After a year of permit driving my daughter turned 17 and on her birthday, full of anticipation, went to the DMV to finally earn that most liberating article of identification; a driver’s license.
She returned home devastated.  She had brushed a cone parallel parking and flunked her test.  
In a year of supervised driving with me, we had never parked on the side of a street.  There was just never a need.
Her twin brother immediately panicked.  He was to take his test the following week.
You see, I had forgotten that parallel parking is the nemesis of drivers everywhere.  Even experienced drivers.  But in particular, the uncomfortable act strikes fear into nervous teenagers driving with clipboard-carrying DMV officials for the first time. 
“Why do I need to parallel park anyway?” my daughter asked frustrated.  “I can just park in a garage or a lot somewhere.  And if it is still far away from where I need to go, I’ll just Uber.”
Granted we don’t live in a dense urban area where street parking is the only option, but parallel parking is still a driving skill that must be learned.  And when you live in a city, it is a skill which must be mastered.

And the only way to learn it is to do it.  Many times.  And the only way to master it is to do it even more times.
“Back when I was your age I had to parallel park a stick shift on the streets of San Francisco,” I told them.   “It was uphill, both ways,” I added just for fun.  
Actually, when I earned my license I lived in the suburbs of Chicago where there were wide open streets and no hills.  But I didn’t tell them that.
Because after college I did have to parallel park many times on the hills of San Francisco where I was then working.  At the time I was sheepishly driving a four-speed exploding Pinto that I often needed to back into tight, street-side parking spaces working the brake, the clutch, and the gas all at once.  This is hard with only two feet.
I learned a trick.  I called it kissing the bumper.  When backing into a spot downhill I would gently rest my car against the vehicle behind allowing me to take my foot off the brake and work the clutch and gas to slither forward.  
I used this trick when no one was watching and hoped the car behind had the emergency brake engaged.  But given that I was driving a car known to explode on rear impact, this probably wasn’t the best idea, even if it worked well.  
Many years later I lived in Manhattan where the only affordable parking options were on the street.  I had long since graduated from my exploding Pinto into a much nicer sedan.  
In the city I zoomed around blocks of one way streets stealthy competing with other motorists for any open spot that did not reveal a fire hydrant.  
By necessity I learned to squeeze my car into the tightest of spaces.  Pull up.  Look back, left shoulder, right shoulder.   Turn sharply . . . now!  Back in at an angle and start reversing the wheel the other way.  Slither back and forth like a falling leaf.  Kiss the bumper in back.  Kiss the bumper in front.  Stop somewhere in the middle with inches to spare.  

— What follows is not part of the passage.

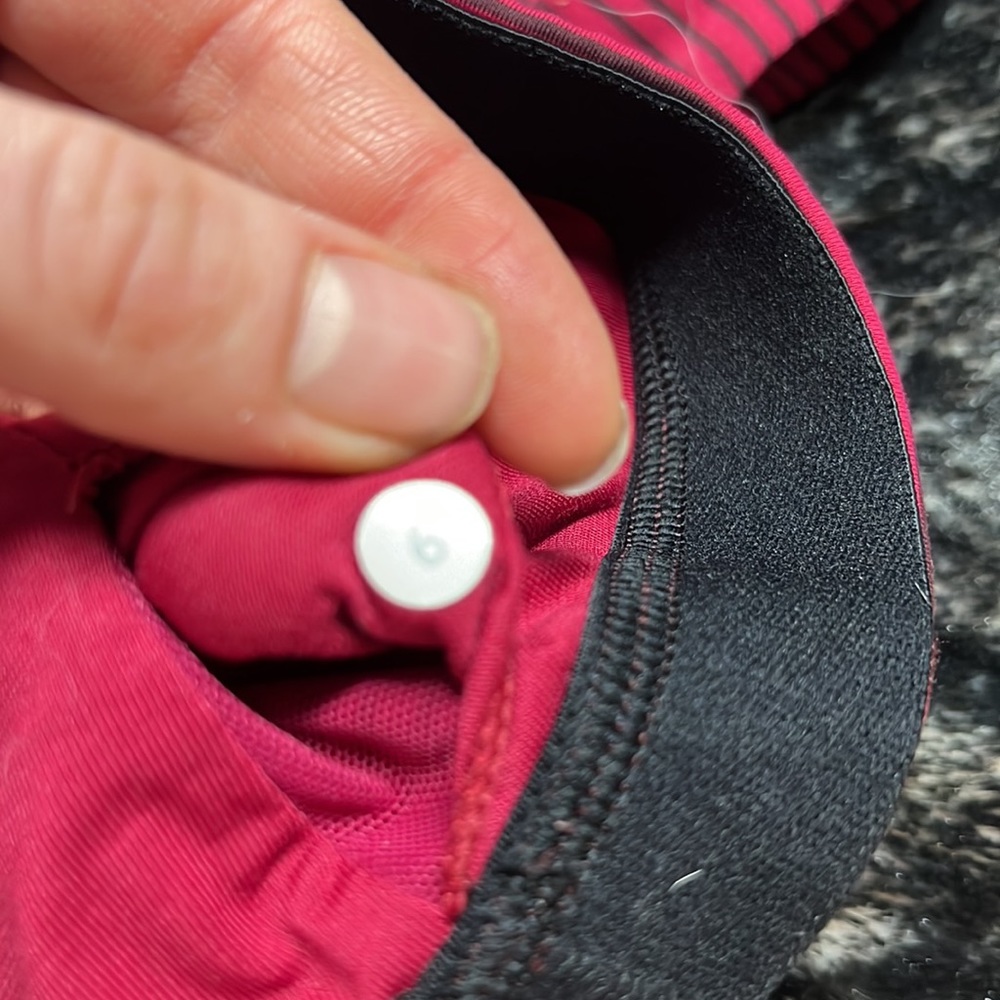 Lululemon - Picture 3 of 3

And then I would check the hidden street signs to see when I had to come back to move the car again.  I got a lot of experience.
But here and now it was time to quickly share this experience with my kids in one easy-to-learn parallel parking lesson.
This is when I realized that parallel parking is an art, not a science.  Big cars, little cars, long cars, short cars, tight spaces, wide spaces, high visibility, low visibility.  There is no fast and hard rule that works in all situations.
But the object was not to teach my kids how to parallel park among real live cars parked on real live streets.  No, the object was to teach my kids how to pass their test by parking between plastic cones placed reasonably far apart.  
There would be plenty of time to really learn how to parallel park once they got their licenses.
With some rough guidance on where to look and when to turn the wheel, I let my kids practice parking between orange cones in front of our house.  Since they couldn’t see the low markers I stood alongside the cones so they could better see. 
Let me tell you, the very definition of trust is to stand in the middle of the street while your child in backing in around you.  It could be as stupid as exercising the back bumper of an exploding Pinto on a hill in San Francisco. 
But after an hour or so they were both comfortable maneuvering the car and ready to take their tests
They passed easily.
And nervously, I wrote a big check to the insurance company as they asked for the car keys to start driving and parking on their own.
Dad?  Tell us again how you kiss the bumper?